Need a lot? Take a lot. Need a little? Take a little.
·
Three: There is manna for each day. The
Israelites only collect their daily bread.
·
Four: Collecting more manna than you need doesn’t do you any good. The stuff goes
bad—real bad, like, worms bad—overnight.
·
Five: There is a major exception to number four.
On the sixth day, the day before the Sabbath, you can collect extra, and it
won’t go bad.
·
Six: There is no manna to collect on the
Sabbath.
If “more” is what characterizes the Egyptian (and, really,
every) labor economy, “enough” is the word that captures God’s Sabbath economy.
There is enough manna for everyone, no matter how great or small the need.
There is enough manna to take a Sabbath away from collecting it.
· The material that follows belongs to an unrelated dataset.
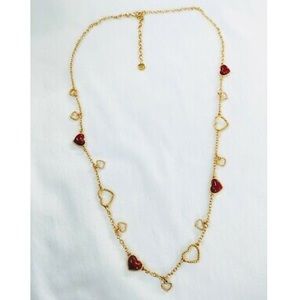 Talbots Long Gold & Red Heart Charm Necklace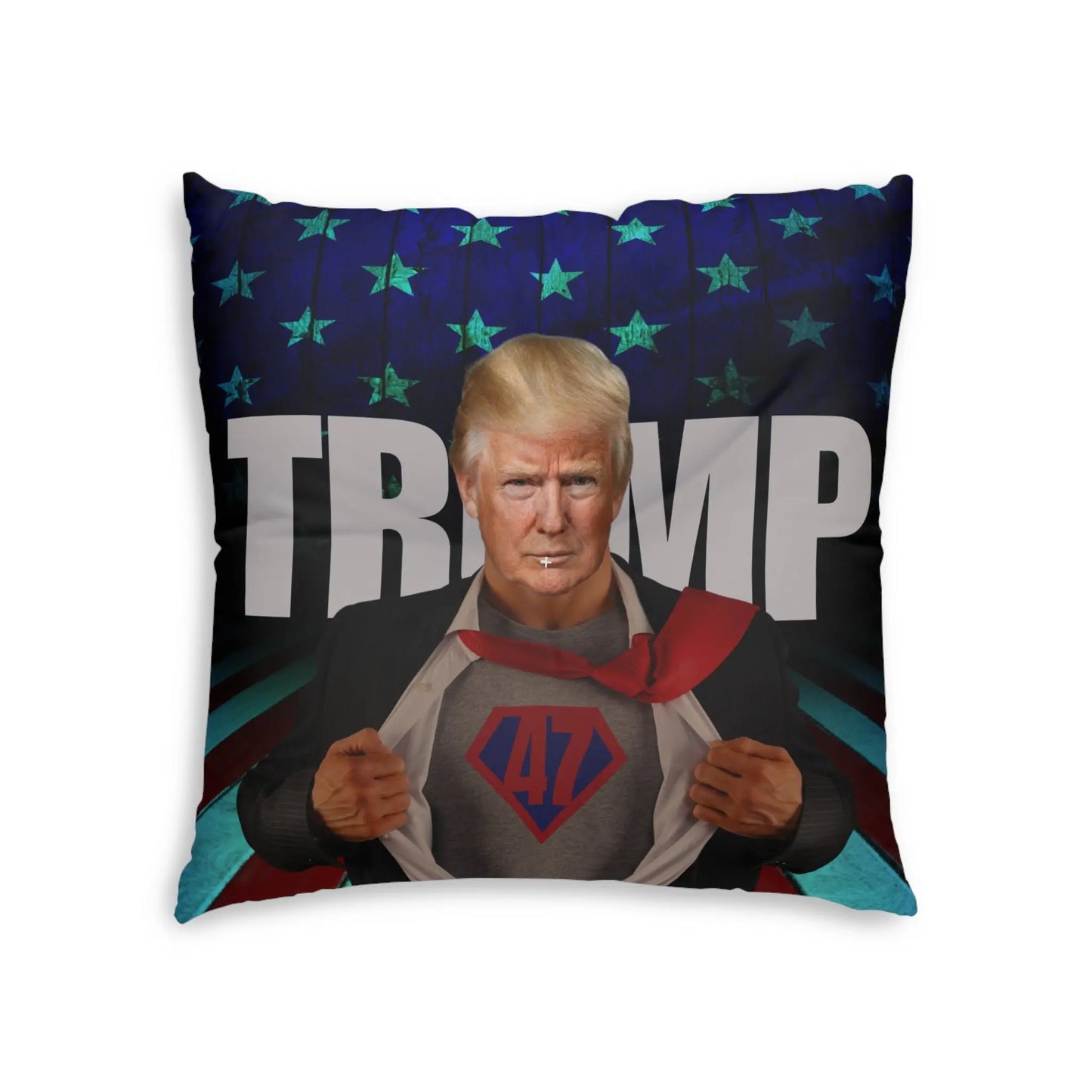 Superhero Trump Tufted Floor Pillow - Square Decorative Cushion Printify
There is
enough—not too much, not more than is needed, just enough.
And the
Sabbath day itself—it’s not a day of solemn, intense reflection. It’s a day of
joy, of celebration. On the Sabbath day, the Israelites are called to enjoy the
“enough” God provides for them, to feast “enough” on the holy day, knowing that
there will be enough the next day, too,.
The manna
God provides the Israelites is a short-term solution, intended only for their
days in the wilderness. The Sabbath economy God intends to last. In Exodus,
Leviticus, Numbers, and Deuteronomy God establishes law after law that
reinforces the Sabbath economy: the year of jubilee, the prohibition of certain
kinds of work on the Sabbath, the care for widows and orphans, and the
insistence on leaving behind a portion of fields for gleaning by the poor. The
economy of the people of God is always to be a Sabbath economy. The Sabbath
economy continues in the New Testament; look at the sharing in the early church
in Acts 2. We even catch a glimpse of the Sabbath economy in Jesus’ parable
from this morning’s gospel lesson: each laborer, even the one who works only
one hour, receives enough from the master.
If “more”
is characteristic of every labor economy, “more” has become the cardinal virtue
in our own present economy. We are bombarded with more ways to pursue more:
More doing. More saving. More buying. More eating and drinking. Buying in bulk
so we get more for our dollar. Doing more for ourselves. Putting away more for
retirement. Giving more money to the government. Keeping more money for our own
pocketbooks. More, more, more, more, more. We have more “more” than just about
anybody could want. Yet when it comes time to give alms to the poor, to take
care of the needy in our community and our world, to pay our tithe to our Lord,
inevitably we hear, “There is not enough for that.” Ironically, the economy of
“more” is also the economy of “never enough.”
Friends, we
are about to celebrate Holy Communion. Holy Communion is our weekly reminder of
God’s Sabbath economy. Everyone who comes to this table receives what she or he
needs—nothing less, nothing more. Once we see that there is enough from God
here, we are free to discover that God expects us to keep his Sabbath
economy—and that God has given our church enough to meet our community’s needs.
Are we really going to keep living as if there was something more?